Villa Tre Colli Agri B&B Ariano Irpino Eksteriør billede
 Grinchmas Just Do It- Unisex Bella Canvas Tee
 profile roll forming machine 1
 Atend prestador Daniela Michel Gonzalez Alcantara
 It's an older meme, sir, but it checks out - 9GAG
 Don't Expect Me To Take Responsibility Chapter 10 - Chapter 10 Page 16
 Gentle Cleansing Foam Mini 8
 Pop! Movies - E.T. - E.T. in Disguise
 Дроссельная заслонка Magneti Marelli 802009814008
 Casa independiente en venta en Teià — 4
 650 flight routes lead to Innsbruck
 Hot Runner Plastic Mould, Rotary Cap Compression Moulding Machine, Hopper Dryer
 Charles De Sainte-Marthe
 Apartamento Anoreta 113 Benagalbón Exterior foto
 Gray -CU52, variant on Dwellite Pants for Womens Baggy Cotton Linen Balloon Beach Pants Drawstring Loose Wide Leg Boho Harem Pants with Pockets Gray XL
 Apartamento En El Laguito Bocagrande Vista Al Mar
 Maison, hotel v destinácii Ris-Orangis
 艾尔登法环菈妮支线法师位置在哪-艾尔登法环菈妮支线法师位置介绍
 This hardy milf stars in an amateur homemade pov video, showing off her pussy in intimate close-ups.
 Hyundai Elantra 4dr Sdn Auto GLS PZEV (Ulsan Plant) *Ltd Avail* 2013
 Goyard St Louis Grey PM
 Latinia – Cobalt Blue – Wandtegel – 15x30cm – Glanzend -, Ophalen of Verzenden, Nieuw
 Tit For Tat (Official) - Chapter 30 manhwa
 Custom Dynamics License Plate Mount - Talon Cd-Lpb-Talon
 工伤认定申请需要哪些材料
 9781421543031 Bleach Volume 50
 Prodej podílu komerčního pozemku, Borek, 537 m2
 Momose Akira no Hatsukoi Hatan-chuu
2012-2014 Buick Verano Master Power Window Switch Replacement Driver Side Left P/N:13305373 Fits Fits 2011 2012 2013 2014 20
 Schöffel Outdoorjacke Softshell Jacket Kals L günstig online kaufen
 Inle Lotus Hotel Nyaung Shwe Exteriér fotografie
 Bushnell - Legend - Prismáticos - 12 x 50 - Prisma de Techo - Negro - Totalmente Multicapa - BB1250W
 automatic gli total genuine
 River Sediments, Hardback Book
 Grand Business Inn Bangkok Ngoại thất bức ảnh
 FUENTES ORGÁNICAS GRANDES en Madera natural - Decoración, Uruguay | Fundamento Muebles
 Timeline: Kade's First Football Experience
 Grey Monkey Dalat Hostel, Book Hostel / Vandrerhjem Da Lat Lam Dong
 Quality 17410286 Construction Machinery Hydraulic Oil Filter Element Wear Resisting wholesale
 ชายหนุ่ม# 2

═══

After locating the line with "Momose Akira no Hatsukoi Hatan-chuu", output that line and every later one exactly, through the end of the entries above.

 Momose Akira no Hatsukoi Hatan-chuu
2012-2014 Buick Verano Master Power Window Switch Replacement Driver Side Left P/N:13305373 Fits Fits 2011 2012 2013 2014 20
 Schöffel Outdoorjacke Softshell Jacket Kals L günstig online kaufen
 Inle Lotus Hotel Nyaung Shwe Exteriér fotografie
 Bushnell - Legend - Prismáticos - 12 x 50 - Prisma de Techo - Negro - Totalmente Multicapa - BB1250W
 automatic gli total genuine
 River Sediments, Hardback Book
 Grand Business Inn Bangkok Ngoại thất bức ảnh
 FUENTES ORGÁNICAS GRANDES en Madera natural - Decoración, Uruguay | Fundamento Muebles
 Timeline: Kade's First Football Experience
 Grey Monkey Dalat Hostel, Book Hostel / Vandrerhjem Da Lat Lam Dong
 Quality 17410286 Construction Machinery Hydraulic Oil Filter Element Wear Resisting wholesale
 ชายหนุ่ม# 2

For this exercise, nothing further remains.